Leave the images out. Give every line below again, precisely.

| Data segment |
== Segment start ==

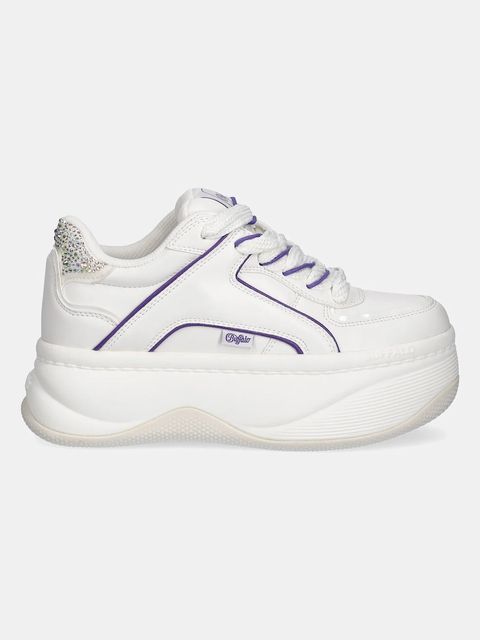 Buffalo sneakersy Orcus Luxe damskie kolor biały 1636341-WHT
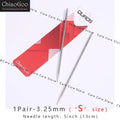 Knitting Needle Tips, ChiaoGoo QUADS Cubic for Interchangeable Yarn Crafts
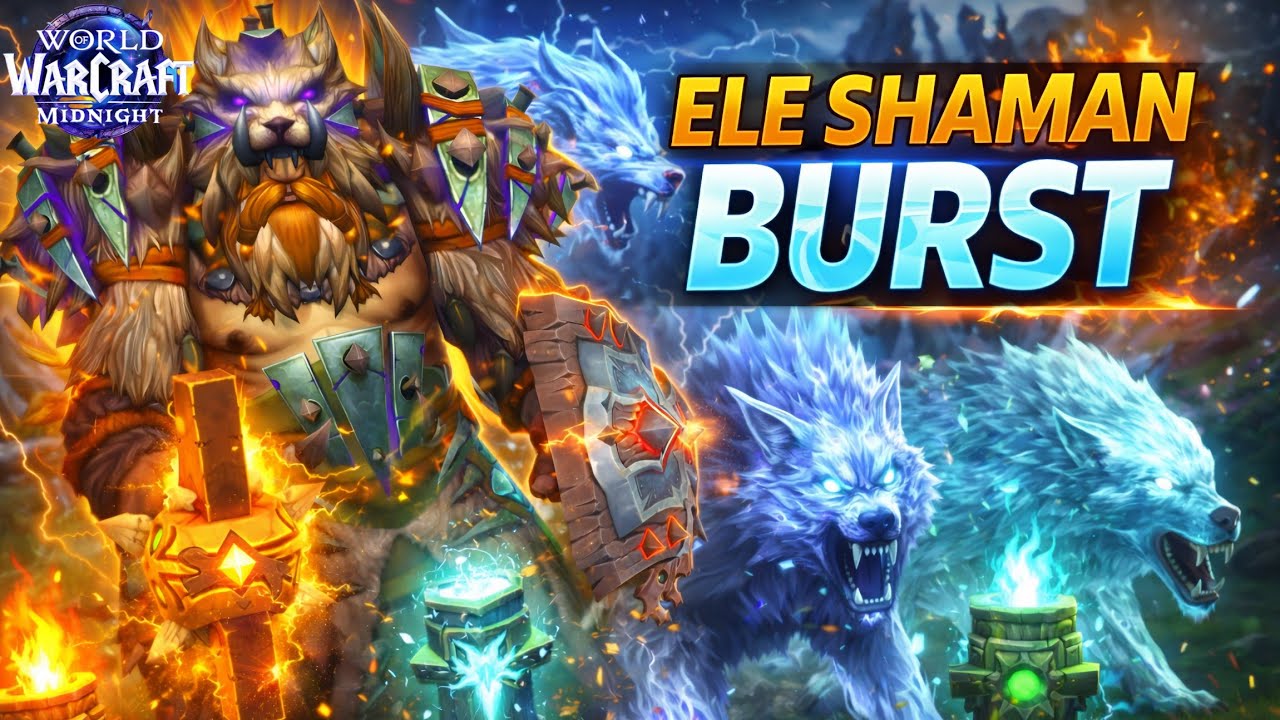 Elemental Shaman has the STRONGEST Burst in the Game! | World of Warcraft: Midnight | WoW PvP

== Segment end ==

| Task answer |
 Buffalo sneakersy Orcus Luxe damskie kolor biały 1636341-WHT
 Knitting Needle Tips, ChiaoGoo QUADS Cubic for Interchangeable Yarn Crafts
 Elemental Shaman has the STRONGEST Burst in the Game! | World of Warcraft: Midnight | WoW PvP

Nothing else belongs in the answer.